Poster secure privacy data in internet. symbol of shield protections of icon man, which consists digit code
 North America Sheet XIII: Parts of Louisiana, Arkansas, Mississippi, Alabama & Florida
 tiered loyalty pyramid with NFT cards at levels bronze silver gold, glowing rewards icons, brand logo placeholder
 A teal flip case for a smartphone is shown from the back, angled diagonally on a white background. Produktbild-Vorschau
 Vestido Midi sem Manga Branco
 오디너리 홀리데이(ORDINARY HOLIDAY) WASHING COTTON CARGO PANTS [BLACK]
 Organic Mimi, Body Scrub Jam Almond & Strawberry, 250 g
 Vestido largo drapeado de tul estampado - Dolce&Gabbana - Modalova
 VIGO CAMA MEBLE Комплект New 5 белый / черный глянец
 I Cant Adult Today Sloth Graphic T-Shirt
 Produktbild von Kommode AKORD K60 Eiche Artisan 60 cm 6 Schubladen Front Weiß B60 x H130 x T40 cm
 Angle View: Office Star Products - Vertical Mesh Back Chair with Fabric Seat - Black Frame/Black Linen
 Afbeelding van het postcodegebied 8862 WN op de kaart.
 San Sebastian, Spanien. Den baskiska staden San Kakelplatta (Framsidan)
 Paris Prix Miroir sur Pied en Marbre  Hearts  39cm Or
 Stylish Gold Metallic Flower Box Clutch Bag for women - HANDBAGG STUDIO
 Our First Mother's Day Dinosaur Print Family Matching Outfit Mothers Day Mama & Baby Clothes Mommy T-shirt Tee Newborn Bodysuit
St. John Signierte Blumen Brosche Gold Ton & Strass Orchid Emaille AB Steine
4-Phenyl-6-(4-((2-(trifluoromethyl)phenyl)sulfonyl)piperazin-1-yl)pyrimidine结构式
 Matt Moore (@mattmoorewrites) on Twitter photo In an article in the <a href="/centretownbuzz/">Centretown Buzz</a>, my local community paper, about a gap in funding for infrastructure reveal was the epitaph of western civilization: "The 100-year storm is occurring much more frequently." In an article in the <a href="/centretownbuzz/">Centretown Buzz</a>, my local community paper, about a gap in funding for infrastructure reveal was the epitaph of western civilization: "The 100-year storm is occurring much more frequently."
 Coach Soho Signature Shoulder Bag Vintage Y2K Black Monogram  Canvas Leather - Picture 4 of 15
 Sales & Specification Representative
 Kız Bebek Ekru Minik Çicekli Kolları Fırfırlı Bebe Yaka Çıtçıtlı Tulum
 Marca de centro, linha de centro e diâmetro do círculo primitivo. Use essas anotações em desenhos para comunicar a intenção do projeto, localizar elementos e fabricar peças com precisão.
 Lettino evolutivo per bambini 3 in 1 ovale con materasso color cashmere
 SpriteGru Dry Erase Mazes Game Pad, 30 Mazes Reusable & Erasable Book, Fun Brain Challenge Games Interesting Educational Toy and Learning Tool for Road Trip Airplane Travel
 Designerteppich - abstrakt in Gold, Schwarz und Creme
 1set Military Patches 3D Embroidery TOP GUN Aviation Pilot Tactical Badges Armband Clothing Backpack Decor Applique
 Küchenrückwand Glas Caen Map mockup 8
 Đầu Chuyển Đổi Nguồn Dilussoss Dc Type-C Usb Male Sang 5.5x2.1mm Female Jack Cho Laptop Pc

::::

Leave out every line above except those from the line with "St. John Signierte" up to and including the line with "4-Phenyl-6-(4-((2-(t", and copy those exactly.

St. John Signierte Blumen Brosche Gold Ton & Strass Orchid Emaille AB Steine
4-Phenyl-6-(4-((2-(trifluoromethyl)phenyl)sulfonyl)piperazin-1-yl)pyrimidine结构式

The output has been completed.